Müller Zeitdiagnosen Flashcards
Einleitung
Hans-Peter Müller beschreibt soziologische Zeitdiagnosen als den Versuch, Grundzüge einer Epoche, einer Gesellschaft, einer Kultur oder eines Charakters hervorzuheben und dadurch diese zu verstehen. Im Zuge des Entwurfs einer Zeitdiagnose werden üblicherweise diese charakterisierenden Begriffe entwickelt, um vorherrschende Prinzipien hervorzuheben.
Konstitutive Funktion
Soziologische Zeitdiagnosen tragen zur gesellschaftlichen Orientierung bei, indem sie „begriffliche Klassifikationen zur Selbstbeschreibung von Gesellschaften“ bereitstellen.

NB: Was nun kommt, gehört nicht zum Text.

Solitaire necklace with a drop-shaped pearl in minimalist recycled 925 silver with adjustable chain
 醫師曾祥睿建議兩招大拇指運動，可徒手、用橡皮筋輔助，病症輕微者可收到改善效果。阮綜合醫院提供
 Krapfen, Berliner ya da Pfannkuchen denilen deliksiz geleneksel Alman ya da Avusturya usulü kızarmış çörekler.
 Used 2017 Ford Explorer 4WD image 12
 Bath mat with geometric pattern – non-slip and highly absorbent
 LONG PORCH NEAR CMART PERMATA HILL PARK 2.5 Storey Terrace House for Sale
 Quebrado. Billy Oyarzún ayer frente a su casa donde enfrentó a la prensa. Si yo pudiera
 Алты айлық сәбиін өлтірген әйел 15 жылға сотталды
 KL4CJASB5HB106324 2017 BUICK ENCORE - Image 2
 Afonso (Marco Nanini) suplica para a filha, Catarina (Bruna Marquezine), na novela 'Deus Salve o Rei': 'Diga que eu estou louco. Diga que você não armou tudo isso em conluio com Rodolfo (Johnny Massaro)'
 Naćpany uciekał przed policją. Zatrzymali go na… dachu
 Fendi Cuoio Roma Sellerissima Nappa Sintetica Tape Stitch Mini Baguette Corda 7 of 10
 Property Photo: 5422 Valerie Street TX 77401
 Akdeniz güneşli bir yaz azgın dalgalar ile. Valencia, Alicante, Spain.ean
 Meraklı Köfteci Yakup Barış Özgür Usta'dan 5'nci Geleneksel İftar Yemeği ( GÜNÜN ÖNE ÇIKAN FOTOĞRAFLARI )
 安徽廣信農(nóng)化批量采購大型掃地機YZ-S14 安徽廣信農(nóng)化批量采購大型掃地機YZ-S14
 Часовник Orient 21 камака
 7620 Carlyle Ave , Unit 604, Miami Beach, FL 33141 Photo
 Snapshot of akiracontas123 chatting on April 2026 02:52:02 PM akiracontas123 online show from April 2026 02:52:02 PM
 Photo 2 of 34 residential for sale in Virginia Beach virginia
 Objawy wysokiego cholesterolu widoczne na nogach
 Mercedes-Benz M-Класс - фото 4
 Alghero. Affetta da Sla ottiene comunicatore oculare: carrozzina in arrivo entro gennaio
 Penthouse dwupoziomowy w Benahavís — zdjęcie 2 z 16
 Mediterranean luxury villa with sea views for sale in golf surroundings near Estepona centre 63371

Indem sie auf Fragen wie „Wann, wie, wo lebst du?“ antworten, können sie die der gesellschaftlichen Erfahrungen anleiten und leisten.
Kognitive Funktion
Die kognitive Funktion besteht darin, den Begriffen der konstitutiven Funktion einen theoretischen
Rahmen zu geben. So sollen soziologische Zeitdiagnosen Theorien der Gesellschaft entwickeln, die sich historisch-empirisch analysieren lassen und damit auf empirischer Evidenz, und nicht rein ideologischer Überzeugung, basieren.
Expressive Funktion
Die expressive Funktion soziologischer Zeitdiagnosen ergibt sich, wenn Zeitdiagnosen den „Zeitgeist“ mit wenigen Begriffen ausdrücken und auf den Punkt bringen.
Evaluative Funktion
Gemäß der evaluativen Funktion wirken soziologische Zeitdiagnosen nicht nur beschreibend, sondern auch normativ. Dies geschieht, indem mit ihrer Hilfe Epochen, Gesellschaften, Kulturen oder Charaktere anhand bestimmter Ideale gemessen werden (von denen sie oft abweichen). Die soziologische Zeitdiagnose verweist damit auf „die Notwendigkeit der Kurskorrektur“. Aus diesen jeweiligen beschreibenden und evaluativen Aufgaben ergeben sich auch nach Müller drei Arten von Problemen:
Problem der Adäquanz
Das Problem stellt sich durch die Frage, ob die zur Beschreibung einer Epoche, Kultur oder Gesellschaft genutzten Begriffe angemessen sind, „um den Gegenstand voll und ganz zu erfassen“. Begriffe können überdehnt werden, indem zu viele Phänomene darunter zusammengefasst werden, oder in die andere Richtung auch unterbestimmt werden.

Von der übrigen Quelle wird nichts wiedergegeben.